Source data
--------
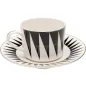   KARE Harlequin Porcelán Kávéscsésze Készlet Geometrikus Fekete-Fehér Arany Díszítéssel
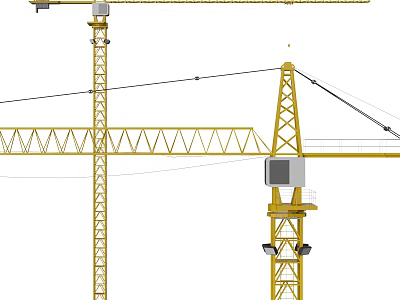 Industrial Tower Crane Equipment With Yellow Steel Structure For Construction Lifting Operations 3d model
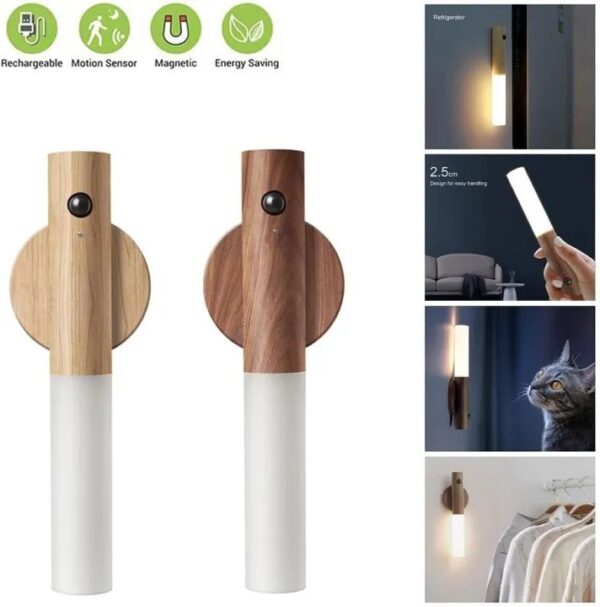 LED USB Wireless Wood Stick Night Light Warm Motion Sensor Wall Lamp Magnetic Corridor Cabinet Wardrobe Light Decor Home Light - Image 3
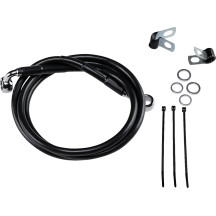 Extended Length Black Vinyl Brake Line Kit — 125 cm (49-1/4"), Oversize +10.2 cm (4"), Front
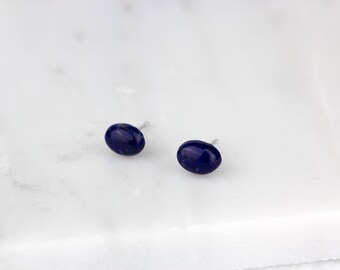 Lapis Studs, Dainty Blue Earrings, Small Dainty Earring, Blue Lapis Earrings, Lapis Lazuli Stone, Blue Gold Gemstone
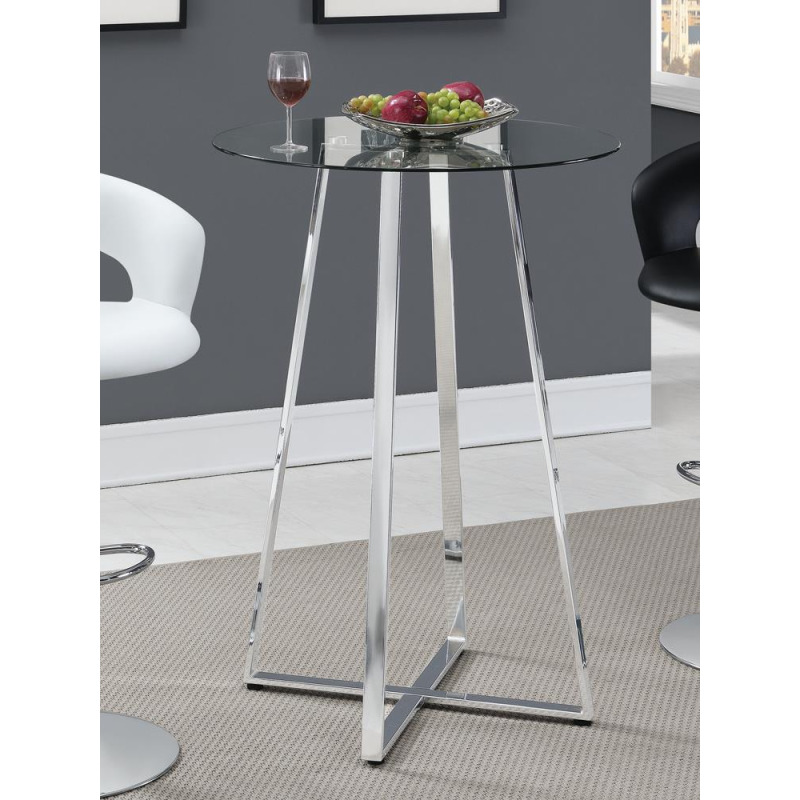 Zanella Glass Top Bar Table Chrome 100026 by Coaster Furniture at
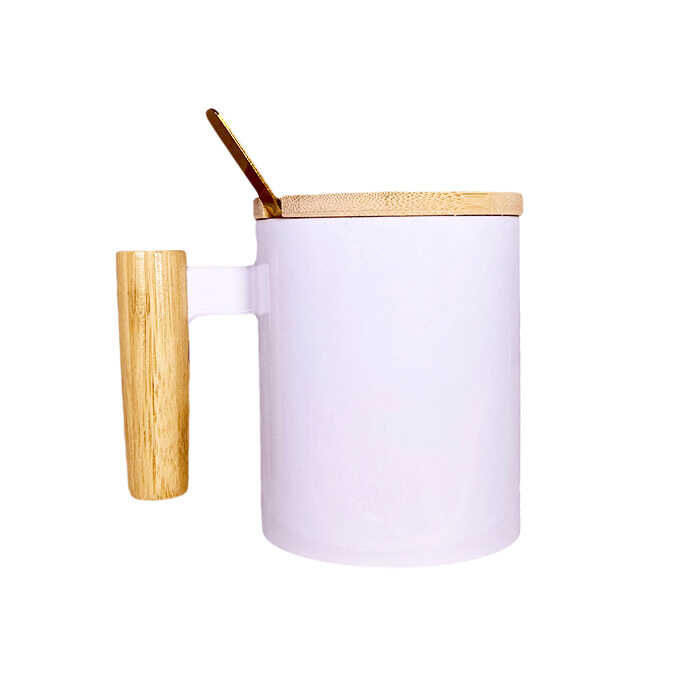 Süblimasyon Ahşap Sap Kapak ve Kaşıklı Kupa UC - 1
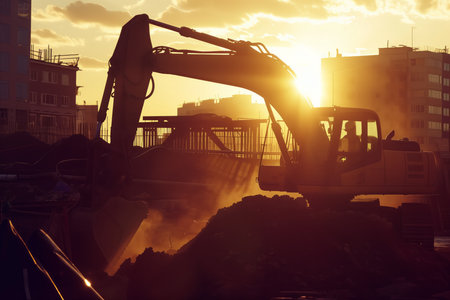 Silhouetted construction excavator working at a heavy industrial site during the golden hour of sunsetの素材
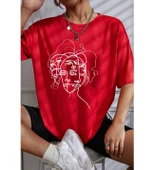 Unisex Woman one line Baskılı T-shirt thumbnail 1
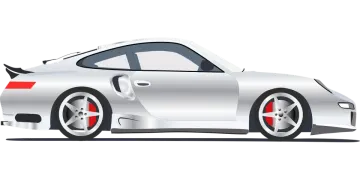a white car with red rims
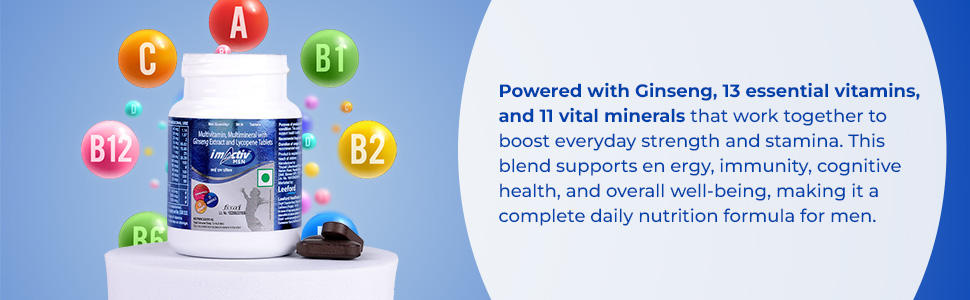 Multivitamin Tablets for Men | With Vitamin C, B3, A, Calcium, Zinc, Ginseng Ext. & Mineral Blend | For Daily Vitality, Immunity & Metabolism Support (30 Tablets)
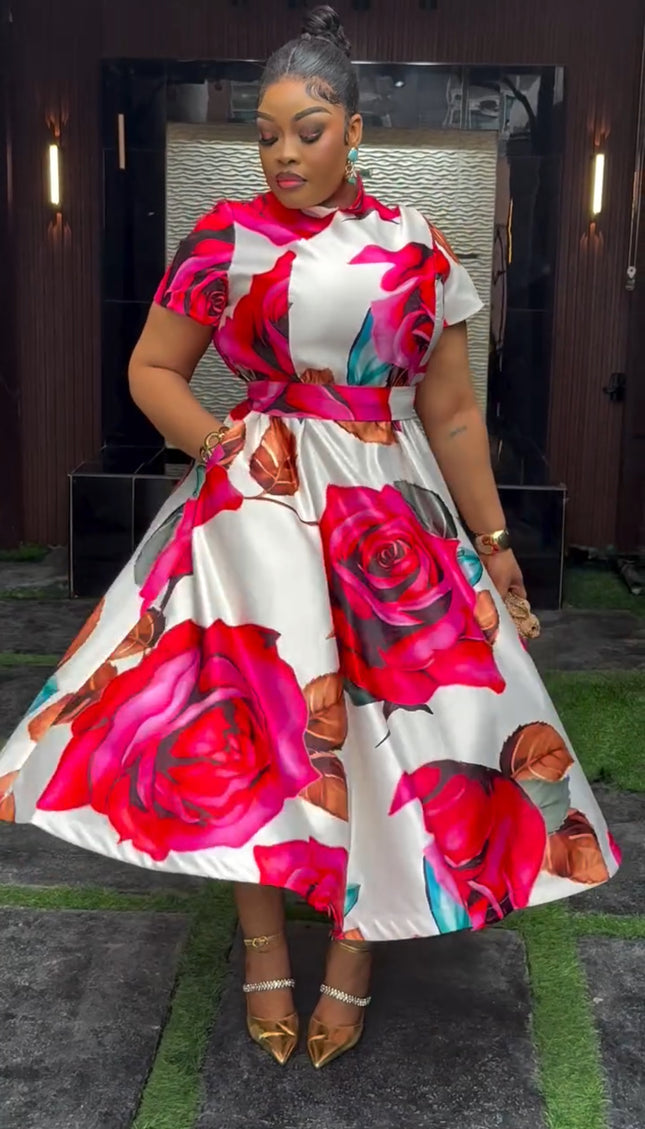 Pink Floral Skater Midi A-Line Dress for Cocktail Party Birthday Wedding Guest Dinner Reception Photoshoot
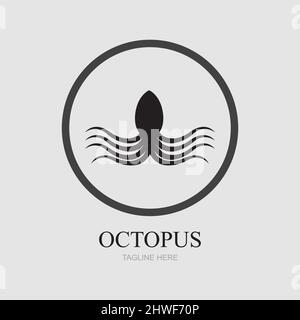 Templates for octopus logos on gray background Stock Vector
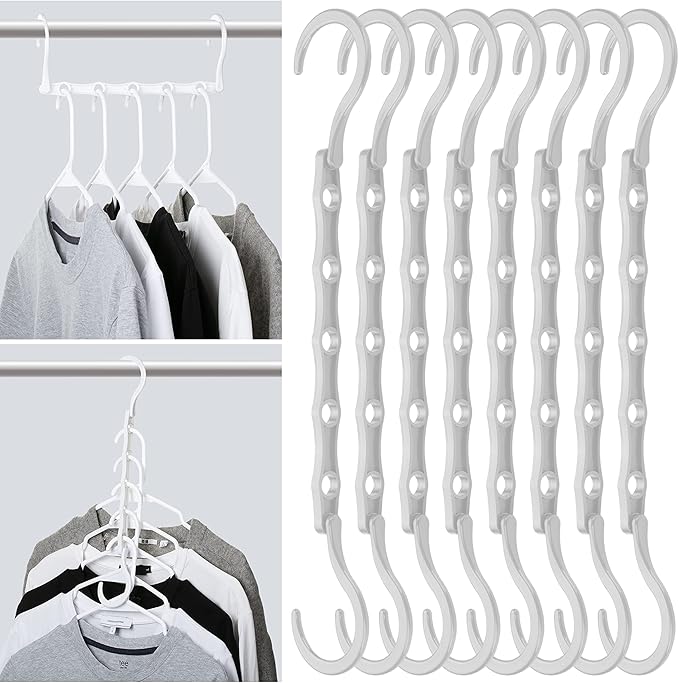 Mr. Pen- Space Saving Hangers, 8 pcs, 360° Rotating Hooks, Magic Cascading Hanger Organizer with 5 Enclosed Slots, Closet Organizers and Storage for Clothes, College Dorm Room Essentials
--------
◆ **DIRECTIONS**
Above are the records. Copy only the lines from the one with "LED USB Wireless" through the one with "Zanella Glass Top", exactly, with no pictures.

◆ **ANSWER BELOW**
 LED USB Wireless Wood Stick Night Light Warm Motion Sensor Wall Lamp Magnetic Corridor Cabinet Wardrobe Light Decor Home Light - Image 3
 Extended Length Black Vinyl Brake Line Kit — 125 cm (49-1/4"), Oversize +10.2 cm (4"), Front
 Lapis Studs, Dainty Blue Earrings, Small Dainty Earring, Blue Lapis Earrings, Lapis Lazuli Stone, Blue Gold Gemstone
 Zanella Glass Top Bar Table Chrome 100026 by Coaster Furniture at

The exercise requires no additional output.